On Tuesday during a webinar sponsored by the Atlantic Council think tank, Tsikhanouskaya called for much tougher action by the world’s democracies against Lukashenko, who has kept a tight grip on Belarus since 1994 and cracked down on peaceful street protests that began over a disputed presidential election last August.
“I think it’s high time for democratic countries to unite and show their teeth,” Tsikhanouskaya said.
She met with White House national security adviser Jake Sullivan, who conveyed U.S. “respect for the courage and determination of the opposition” in Belarus, National Security Council spokesperson Emily Horne said in a statement.
“The United States, together with partners and allies, will continue to hold the Lukashenka regime accountable for its actions, including through the imposition of sanctions,” the statement said.
Tsikhanouskaya, 38, was a candidate in the election instead of her husband Sergei Tsikhanouskiy, a video blogger who has been jailed since May 2020 on charges such as violating public order, which he denies. Tsikhanouskaya fled to neighboring Lithuania after Lukashenko’s crackdown.
Lukashenko’s opponents say the election was rigged so he could retain power. He denies the allegation.
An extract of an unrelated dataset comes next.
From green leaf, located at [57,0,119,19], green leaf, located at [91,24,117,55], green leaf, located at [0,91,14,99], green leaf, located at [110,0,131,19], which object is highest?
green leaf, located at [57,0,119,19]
Meanwhile, the government has detained thousands of people amid allegations of torture, and shuttered independent media and rights groups.
Tsikhanouskaya called for Russian President Vladimir Putin to stop supporting Lukashenko.
“The relationship of Russia and Belarus at the moment is so close that the next step is loss of independence,” she told reporters. “We understand that Lukashenko has to pay for the support of the Kremlin.”